Annabel Stanley

Special Olympics Team BC 2020 Cross Country Skiing Coach
Annabel Stanley

When and how did you get involved with Special Olympics?    

I joined SOBC as a parent volunteer 10 years ago and quickly became a coach.

Will this be your first Special Olympics Canada Games? If not, which other National Games were you part of and in what role(s)?  

I have participated as an Assistant Coach in three National Games. My first Winter Games were in St. Albert in 2012 on the cross country ski team and again in Corner Brook in 2016. I have also been to Antigonish, Nova Scotia, as Assistant Coach for soccer for the National Summer Games in 2018.

What does it mean to you to be part of Special Olympics Team BC 2020?    

I love being part of Special Olympics Team BC 2020. I have known many of these athletes for 10 years and to support and see them and new team members achieve new personal bests makes me very happy. They also push me to practice what I coach!

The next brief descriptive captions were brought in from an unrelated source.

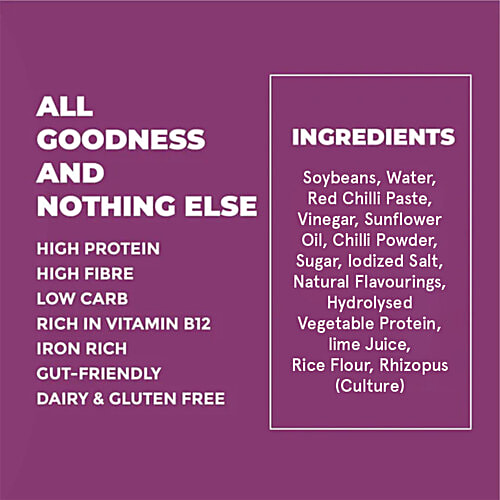 Hello Tempayy Spicy Peri Peri Tempeh Cubes - Clean, Lean Protein, Makes Rolls & Salads, 200 g  40g Protein Packed, Low Fat, Low Carbs, Fiber Rich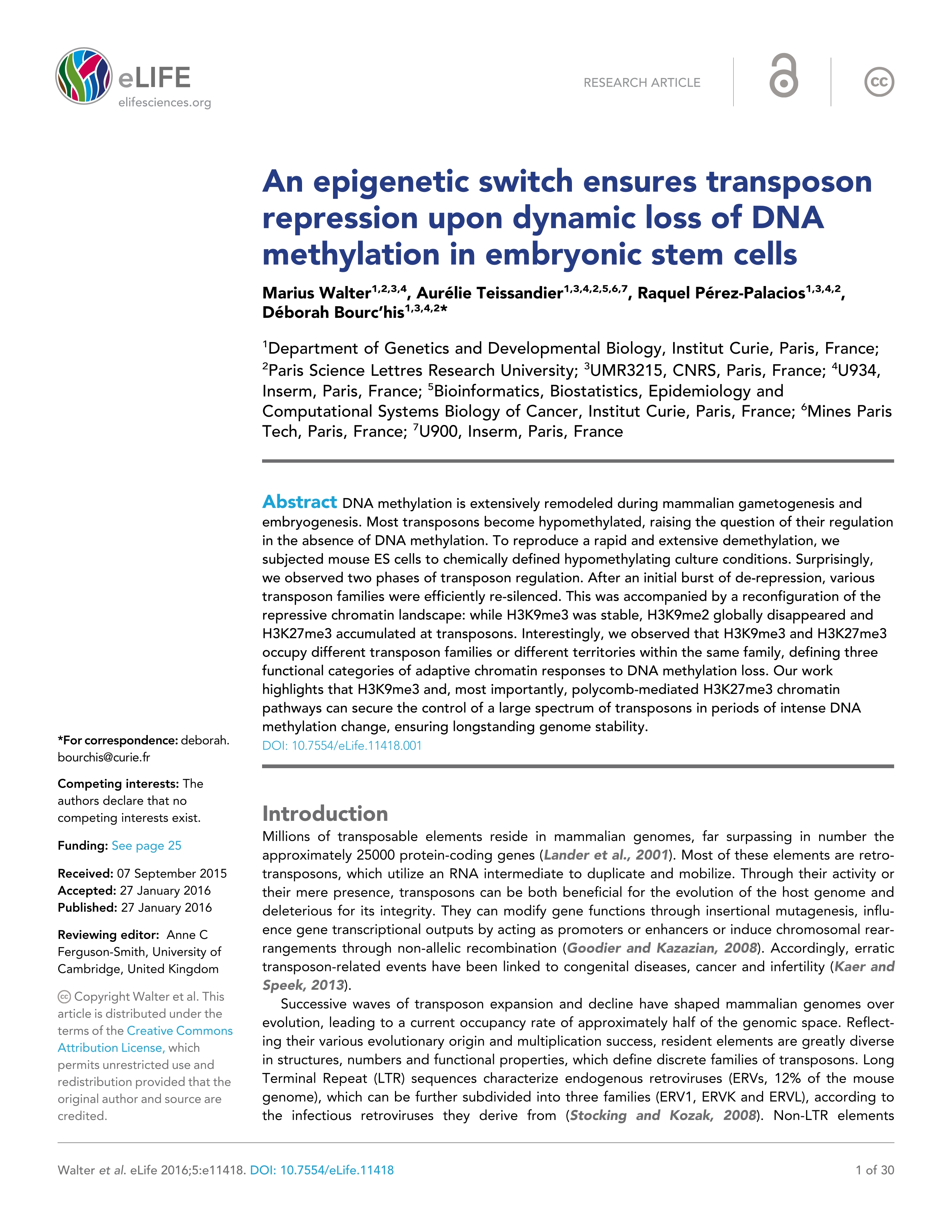 An epigenetic switch ensures transposon repression upon dynamic loss of DNA methylation in embryonic stem cells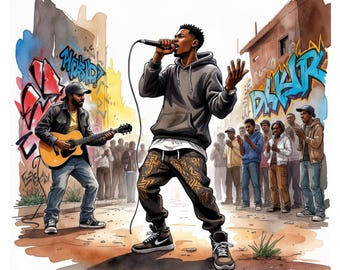 Paquete de 9 imágenes prediseñadas de acuarela de raperos y guitarristas callejeros, escena de música urbana, fondo blanco JPG, arte digital imprimible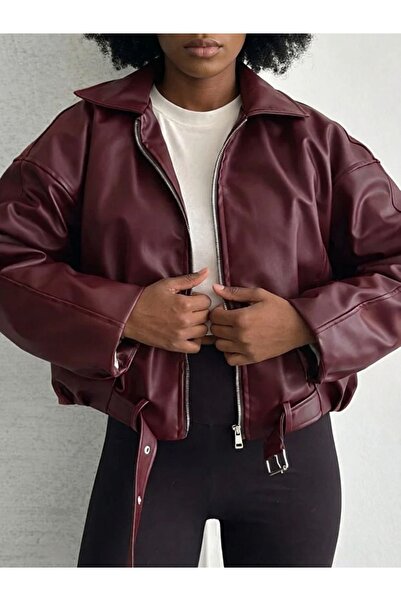 PRİFALDİ Agli̇mmer Viral Women's Bomber Claret Red Faux Leather Jacket with Wool Belt Detail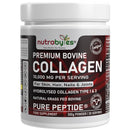 NUTRABYTES Bovine Collagen Powder 10000mg | Grass Fed Hydrolysed Collagen Peptides Type 1 & 3 | Unflavoured | Skin Hair Nails | 19 Amino Acids | Kosher Halal Certified | Women & Men | 30 Day Supply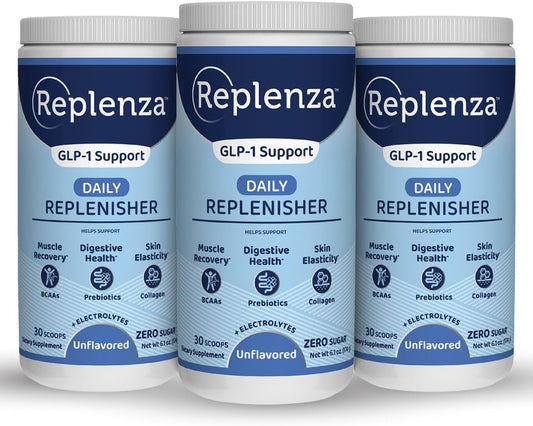 Replenza Daily Replenisher GLP-1 Nutritional Support, Powder, Muscle Recovery, Digestive Health & Skin Elasticity Mix of Amino Acids, Prebiotics and Collagen Peptides – Unflavored, 3 Pack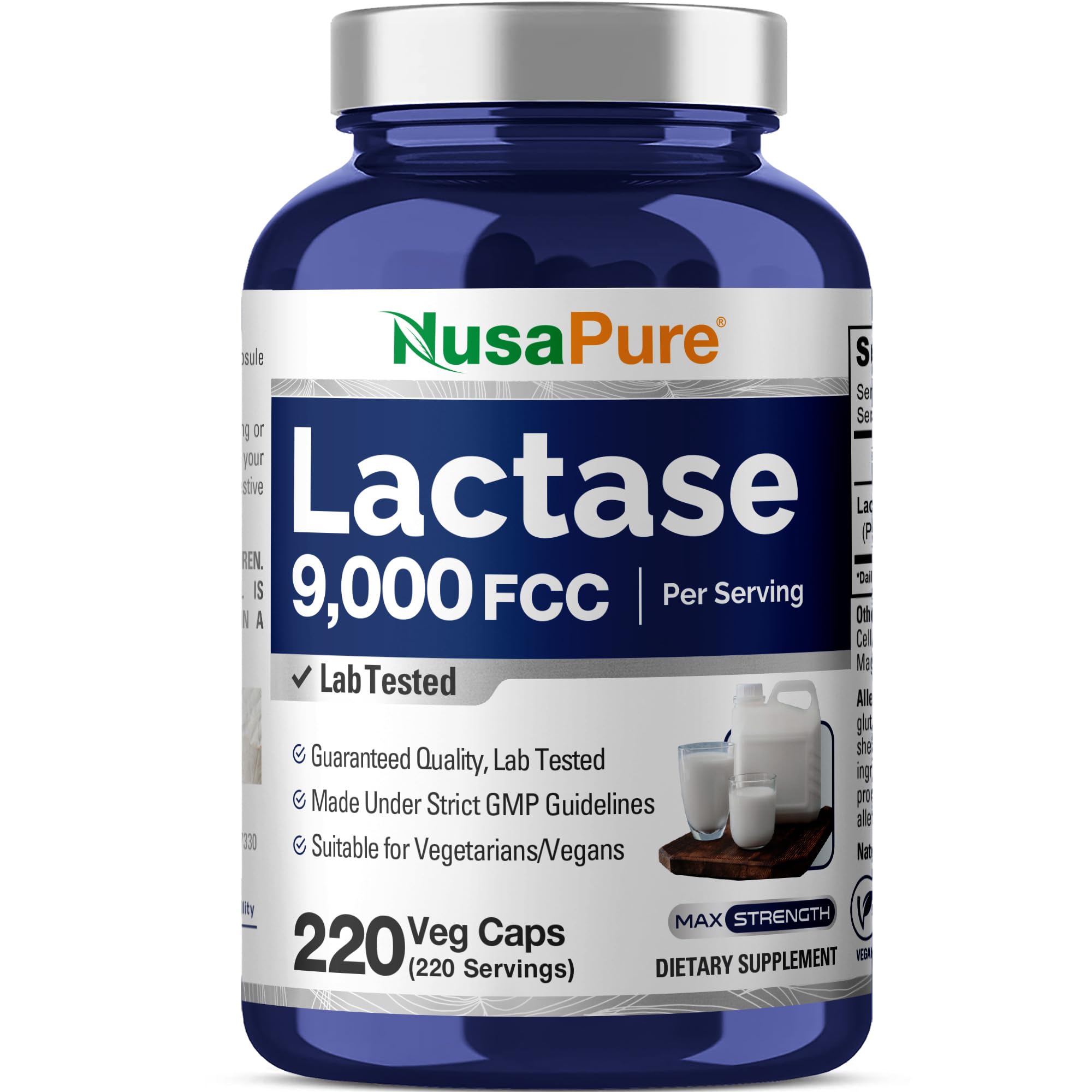 Lactase Enzyme, Vegan, Non-GMO, 9000 FCC, 220 Veg Capsules - 220 Servings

What is/are your goal(s) for these National Games?

To support both coaches and athletes so that we are all ready to represent B.C. to the best of our abilities and have fun on the journey.

What is your favourite Special Olympics experience to date?

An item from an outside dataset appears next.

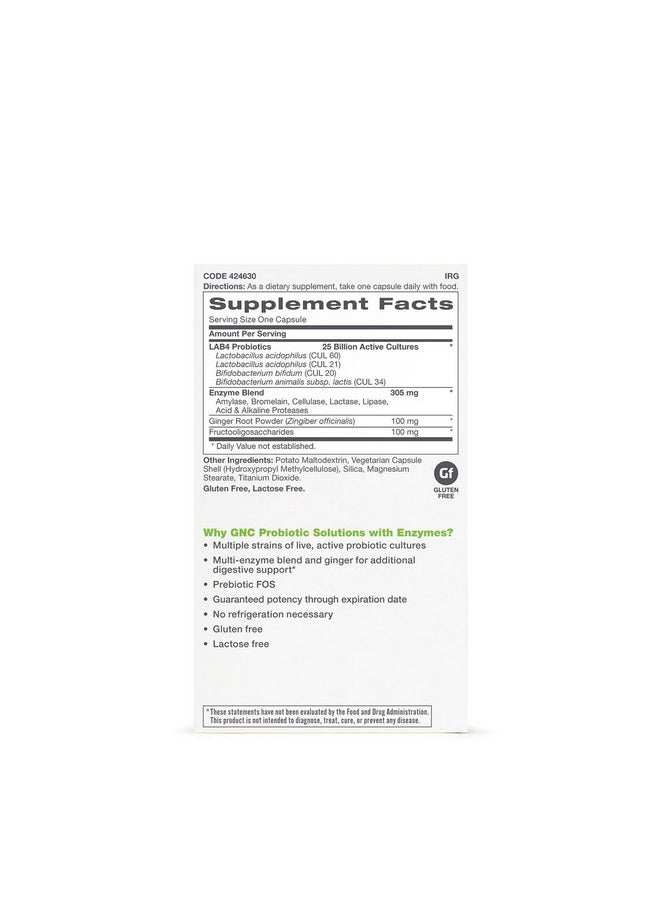 GNC Probiotic Solutions with Enzymes with 25 Billion CFUs, 30 Capsules, Daily Probiotic Support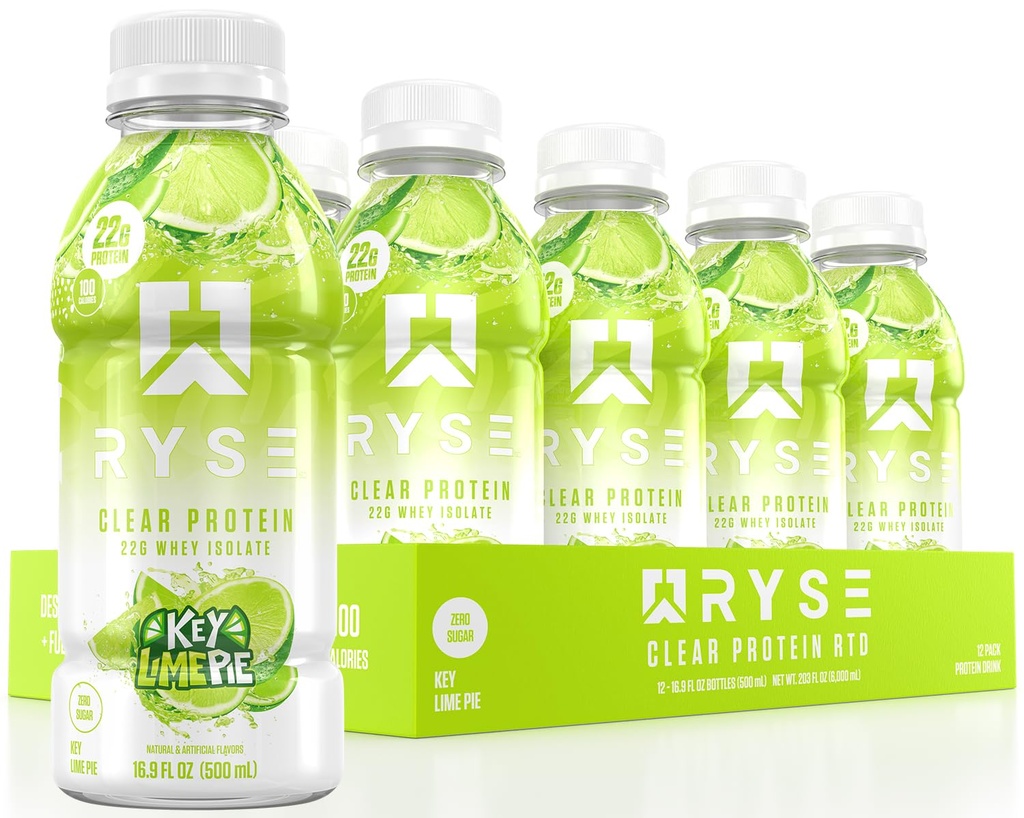 RYSE boisson protéinique claire - Pie de chaux clé - 100 Calories, 22g Whey Isolate Protein Shake, sans sucre, 0g gras et sans lactose - rafraîchissante boisson prête à boire - 16,9 fl oz bouteilles (12-Pack)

One of my favourite SO moments was at Corner Brook, Newfoundland. An athlete from Prince George had a challenging Games: He nearly missed the flight east, he broke a pole on one of his races, and along with a few other challenges he didn’t medal; so I brought out the colouring pencils and paper and had some of the team make a medal. He wore that medal around his neck for the remainder of the games and all the way home!!

What does competing at National Games mean to your athletes? (or, if this is your first National Games, competition in general)

They are all training hard and proud to be on the team.

What storylines are you excited to see develop in your Team BC sport team leading up to the National Games?     

Every athlete has a different approach to their training due to varied physical and mental abilities. Training together as a team pushes them all to better fitness, and having fun is the way. Each practice they share new goals and achievements. We are including Social workers and families so they are also part of the training team and know what expectations we have (which are often higher than they realize!!).

What would you say about Special Olympics to encourage someone to get involved? 

This is a community and also a journey to fitness, healthy eating, and good lifestyle choices. SO is a way for families to share a common interest with their athlete outside the family home by volunteering and benefitting from this community too.